ComexLatam consultó al respecto al director nacionalista (oposición) de la ANP, Jorge Gandini, quien se limitó a decir que “el puerto de Montevideo está en omisión del cumpliento de una de sus obligaciones principales, que es mantener los canales dragados” y que el puerto “alquila piso para que el privado, con su canon o tarifa, pueda hacer la tarea de carga, descarga y consolidación; y las navieras, que mantienen contrato con esas terminales, transiten por los puertos uruguayos”.
Comunicado del Supra
En la tarde de este viernes, el Supra se manifestó públicamente a través de un comunicado.
El mismo expresa lo siguiente:
“El sindicato se dirige al conjunto del pueblo para alertar sobre una situación de extrema gravedad, la Administración Nacional de Puertos (ANP) pretende avanzar en la ejecución de un plan heredado del gobierno anterior que implica ni más ni menos, que la privatización de gran parte del dragado nacional.
Este hecho no es aislado. Forma parte de una orientación política que desde el gobierno viene impulsando la apertura de las empresas públicas al capital privado, incluso planteando su ingreso a la bolsa de valores.
Estas políticas, que el movimiento sindical rechaza de plano, responden a una lógica claramente neoliberal, donde el interés del mercado se coloca por encima de las necesidades del pueblo trabajador.

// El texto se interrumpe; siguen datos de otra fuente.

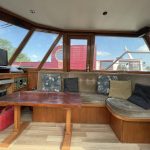 Image de la banquette du bateau. Une table rectangulaire en bois de couleur bordeaux se situ devant elle. A gauche, une télévision.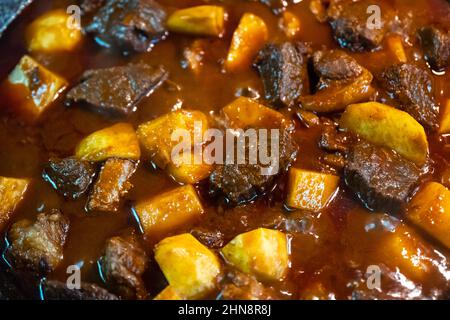 Cooking goulash with beef, potatoes, tomato and paprika in deep frying pan at home kitchen. Food photography Stock Photo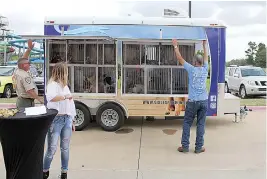  ?? Staff photo by Karl Richter ?? ■ The Texarkana Animal Care and Adoption Center’s new adoption trailer is opened to reveal dogs and cats inside, behind Plexiglas windows Tuesday at Arkansas Convention Center in Texarkana, Ark.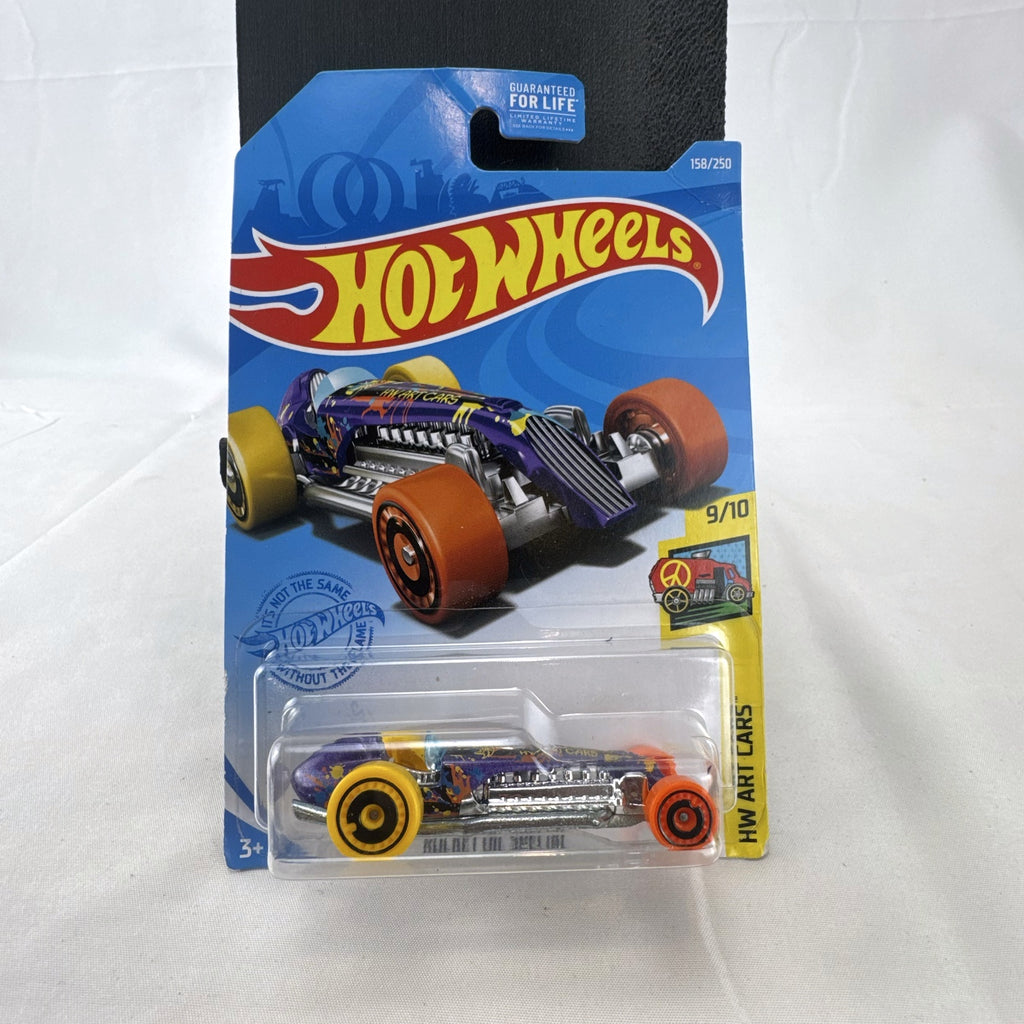 Hot Wheels 1:64 scale Rocket Oil Special diecast streamliner in purple art splatter card packaging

En este contexto, el dragado no escapa a esta ofensiva. Desde el Ministerio de Transporte y Obras Públicas (MTOP), la ANP y la propia gerencia del área, se impulsa lo que sería la mayor privatización del sector.
Esto ocurre a pesar de que el dragado estatal ha demostrado, con hechos concretos, su eficiencia, alcanzando récords históricos en la extracción de sedimentos mediante el uso de medios propios. Estos resultados no fueron casualidad, se lograron gracias a la inversión pública en infraestructura, en reparaciones, en flota y en la incorporación de trabajadores, así como a una gestión orientada a resolver los problemas del sector.
Sin embargo, en los últimos años hemos sido testigos de cómo la desinversión, la burocracia y las decisiones políticas han afectado deliberadamente la operativa, generando perjuicios en la producción y el rendimiento. Todo esto con un objetivo claro… justificar la privatización.
Frente a esta realidad, nos preguntamos: ¿a quién beneficia realmente la privatización del dragado? ¿Qué intereses se esconden detrás de estas decisiones? ¿Se trata acaso de acuerdos internacionales o de negociaciones que priorizan la rentabilidad de unos pocos por encima del interés nacional? Desde nuestro sindicato afirmamos con total claridad, el dragado en manos públicas es más eficiente, más económico y garantiza soberanía.
Privatizarlo implica transferir recursos estratégicos al capital multinacional, encareciendo los costos y debilitando la capacidad del Estado para planificar el desarrollo. Por eso, desde una perspectiva de nuestro sindicato, reafirmamos nuestro compromiso con la defensa de las empresas públicas, del trabajo nacional y de los intereses del pueblo”.